Navy Made 'Split-Second' Call to Fire on Pirates

By Drew Nelles,  Newser Staff
Posted Apr 12, 2009 6:17 PM CDT
Navy Made 'Split-Second' Call to Fire on Pirates
This photo shows a 28-foot lifeboat from the U.S.-flagged container ship Maersk Alabama on Thursday, April 9, 2009 in the Indian Ocean.   (AP Photo/U.S. Navy)

Navy Seals opened fire on three Somali pirates today when a naval commander made a split-second decision that Capt. Richard Phillips' life was in imminent danger, the New York Times reports. Authorized by President Obama to use force, snipers shot two pirates who had stuck their heads out of the lifeboat's rear hatch, and killed a third through a window in the bow. The destroyer Bainbridge was towing the lifeboat when snipers opened fire.

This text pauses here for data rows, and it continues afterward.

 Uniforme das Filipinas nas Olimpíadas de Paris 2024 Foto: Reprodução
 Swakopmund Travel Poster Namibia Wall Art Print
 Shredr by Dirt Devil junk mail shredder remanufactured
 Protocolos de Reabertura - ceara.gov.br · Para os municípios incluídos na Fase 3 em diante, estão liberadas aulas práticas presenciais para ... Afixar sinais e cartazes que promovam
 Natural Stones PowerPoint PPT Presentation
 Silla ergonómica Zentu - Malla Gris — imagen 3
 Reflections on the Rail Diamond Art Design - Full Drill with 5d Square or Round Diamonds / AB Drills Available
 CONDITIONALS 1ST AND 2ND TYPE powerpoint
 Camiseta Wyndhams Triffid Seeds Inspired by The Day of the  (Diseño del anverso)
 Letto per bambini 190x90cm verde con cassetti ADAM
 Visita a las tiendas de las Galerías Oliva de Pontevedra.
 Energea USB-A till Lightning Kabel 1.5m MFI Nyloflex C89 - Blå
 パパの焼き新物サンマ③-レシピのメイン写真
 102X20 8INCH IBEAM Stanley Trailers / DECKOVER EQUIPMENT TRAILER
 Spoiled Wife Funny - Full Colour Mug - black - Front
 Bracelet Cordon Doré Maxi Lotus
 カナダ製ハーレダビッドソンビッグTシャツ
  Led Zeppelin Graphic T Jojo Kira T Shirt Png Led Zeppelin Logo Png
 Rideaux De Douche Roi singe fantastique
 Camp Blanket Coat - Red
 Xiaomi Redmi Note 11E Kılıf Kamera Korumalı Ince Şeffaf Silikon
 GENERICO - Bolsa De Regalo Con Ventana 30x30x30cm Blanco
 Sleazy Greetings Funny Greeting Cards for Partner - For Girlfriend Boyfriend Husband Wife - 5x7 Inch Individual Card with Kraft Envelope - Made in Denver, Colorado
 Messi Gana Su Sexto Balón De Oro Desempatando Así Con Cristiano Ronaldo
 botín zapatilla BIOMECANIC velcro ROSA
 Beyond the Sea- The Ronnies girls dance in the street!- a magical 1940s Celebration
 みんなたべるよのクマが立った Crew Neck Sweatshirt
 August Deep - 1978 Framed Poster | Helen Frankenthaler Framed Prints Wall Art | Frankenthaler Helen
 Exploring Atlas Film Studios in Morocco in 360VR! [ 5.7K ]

Navy Seals slid down ropes to the lifeboat and found Phillips tied up on board. Phillips boarded the Bainbridge for a medical exam, which showed he was in pretty good shape after 4 days held by pirates. He called home and transferred to another ship pending his flight home to Vermont. Obama hailed Phillips' release, but vowed to draw a hard line on pirates. "We remain resolved to halt the rise of piracy in this region," Obama said.